Required work: Begin your copy at the line with "person holding black and silver camera" in the records below and end it at the line with "Drei Erwachsene, zwei", restating each line word for word; omit the pictures.

BEGIN Data section

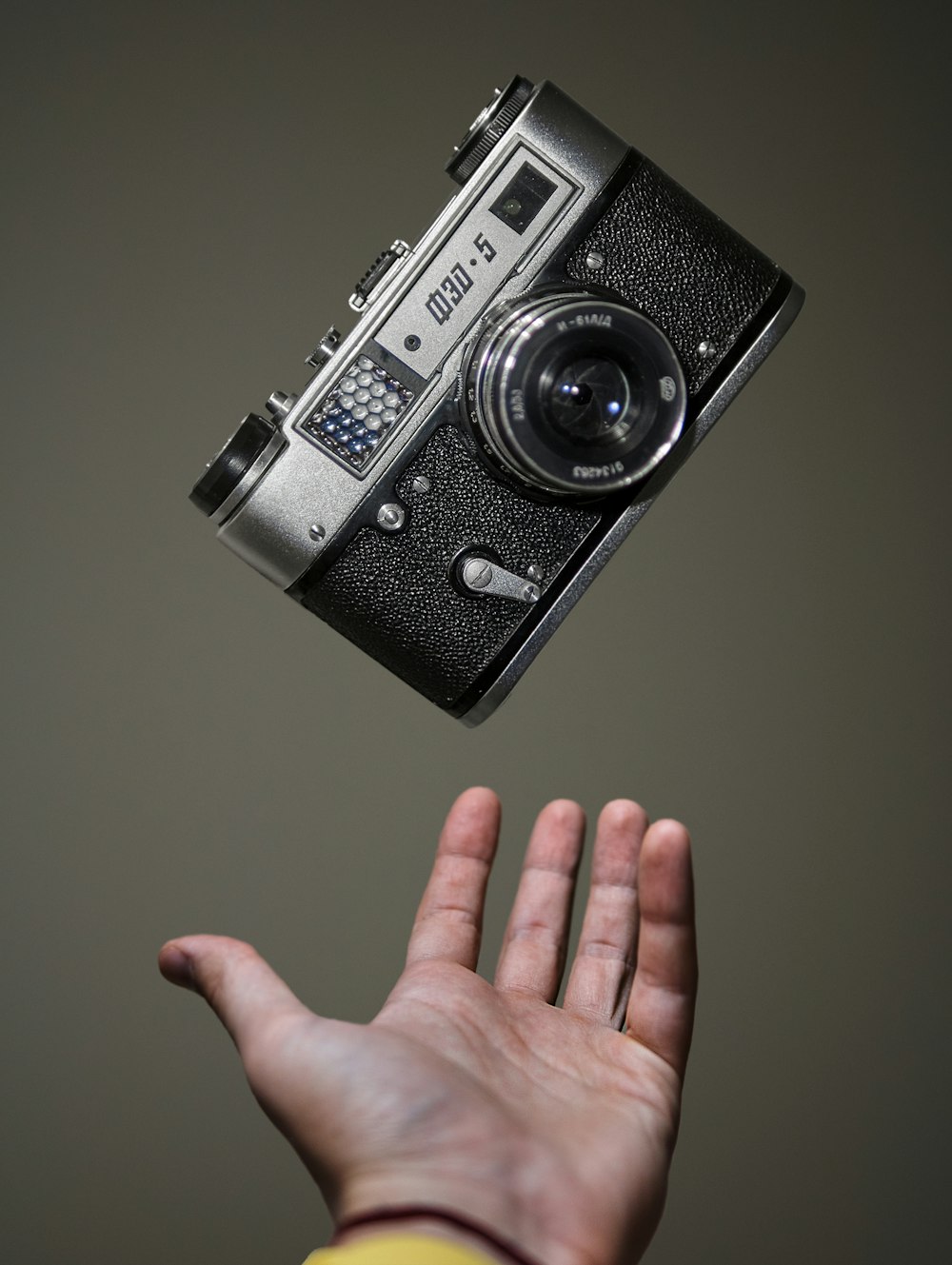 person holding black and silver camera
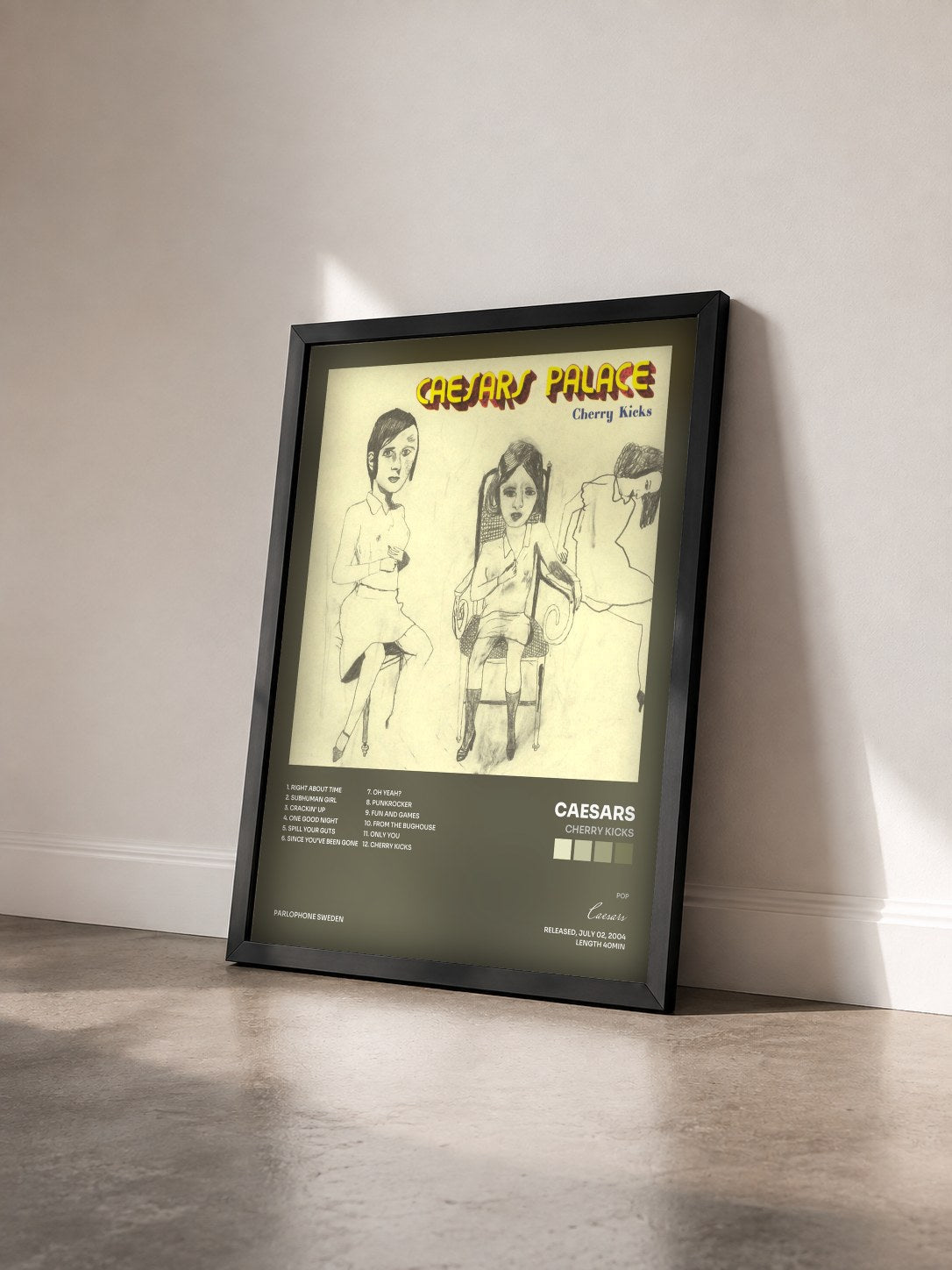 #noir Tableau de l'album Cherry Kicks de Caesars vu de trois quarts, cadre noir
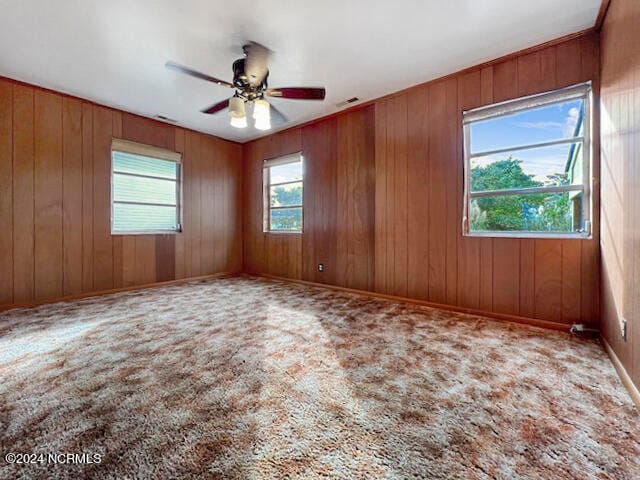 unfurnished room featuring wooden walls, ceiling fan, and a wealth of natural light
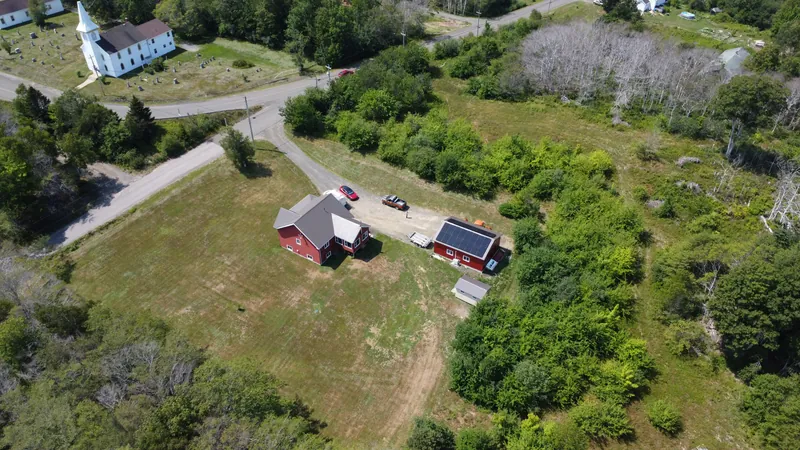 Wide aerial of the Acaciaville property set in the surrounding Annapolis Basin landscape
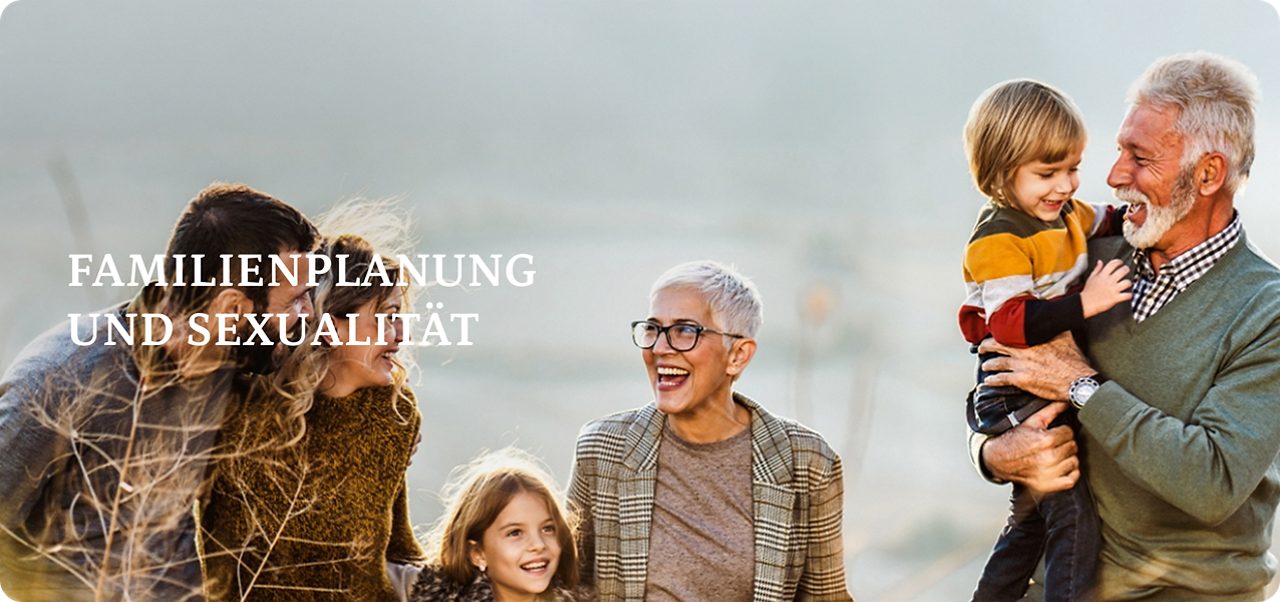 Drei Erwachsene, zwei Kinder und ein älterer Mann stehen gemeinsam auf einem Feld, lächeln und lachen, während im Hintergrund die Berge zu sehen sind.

END Data section
BEGIN Data section

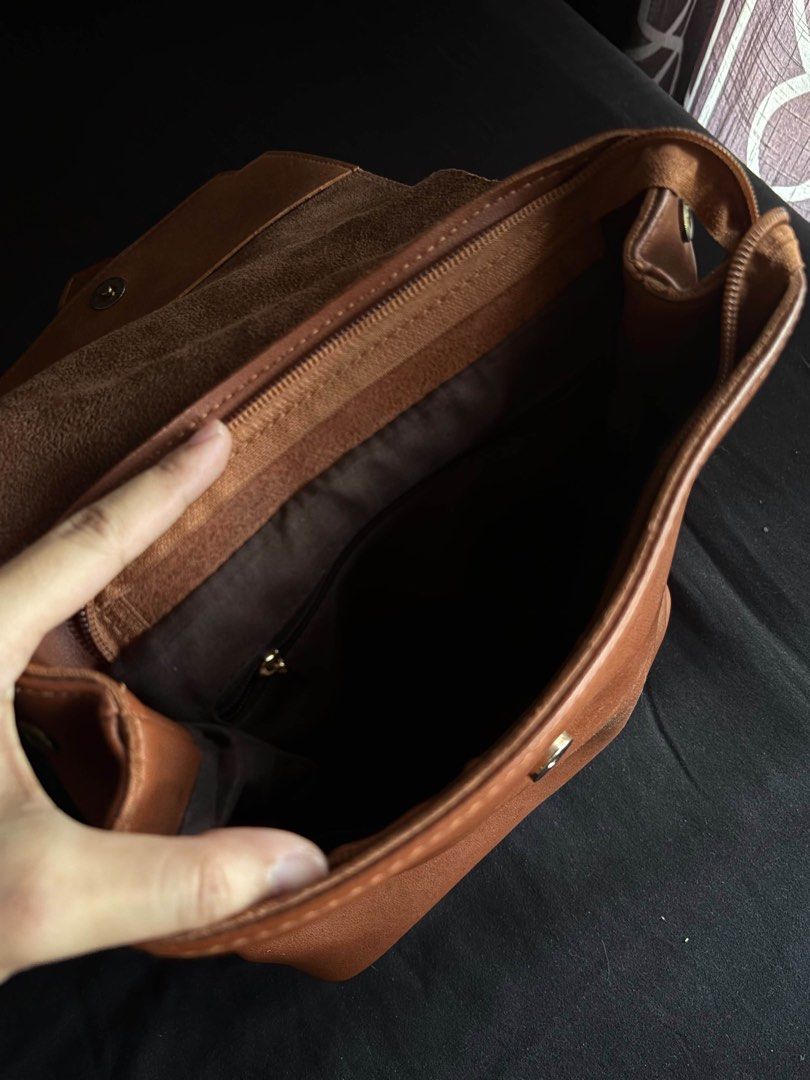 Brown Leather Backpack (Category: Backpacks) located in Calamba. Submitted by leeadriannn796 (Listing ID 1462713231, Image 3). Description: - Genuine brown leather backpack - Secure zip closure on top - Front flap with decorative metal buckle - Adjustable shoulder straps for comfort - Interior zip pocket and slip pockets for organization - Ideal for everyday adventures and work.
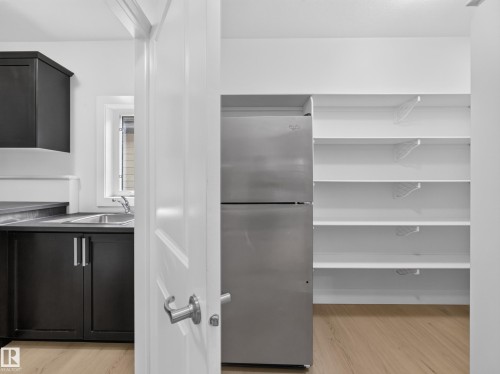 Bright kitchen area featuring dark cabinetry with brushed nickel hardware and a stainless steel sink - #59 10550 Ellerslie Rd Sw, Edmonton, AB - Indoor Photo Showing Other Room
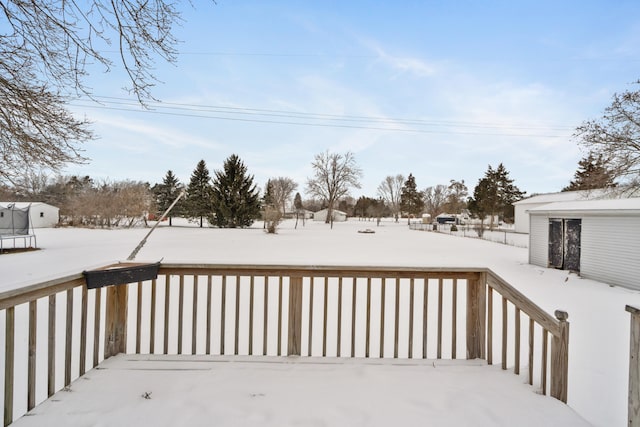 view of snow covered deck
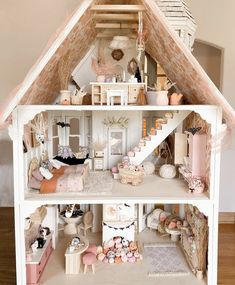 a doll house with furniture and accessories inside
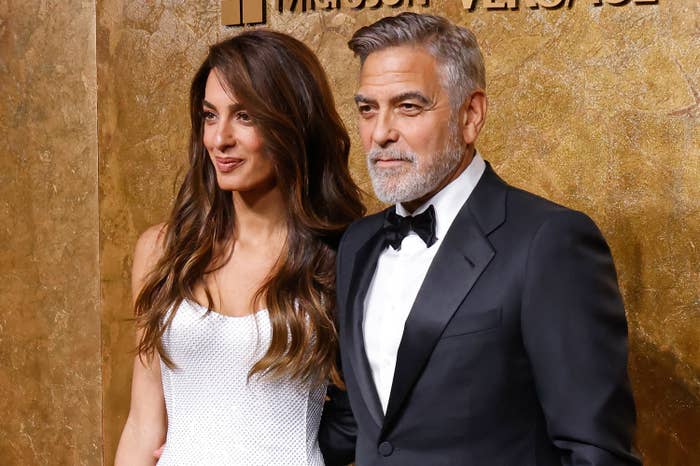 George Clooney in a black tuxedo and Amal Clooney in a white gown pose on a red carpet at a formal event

END Data section

Answer to this problem:
 person holding black and silver camera
 #noir Tableau de l'album Cherry Kicks de Caesars vu de trois quarts, cadre noir
 unfurnished room featuring wooden walls, ceiling fan, and a wealth of natural light
 Wide aerial of the Acaciaville property set in the surrounding Annapolis Basin landscape
 Drei Erwachsene, zwei Kinder und ein älterer Mann stehen gemeinsam auf einem Feld, lächeln und lachen, während im Hintergrund die Berge zu sehen sind.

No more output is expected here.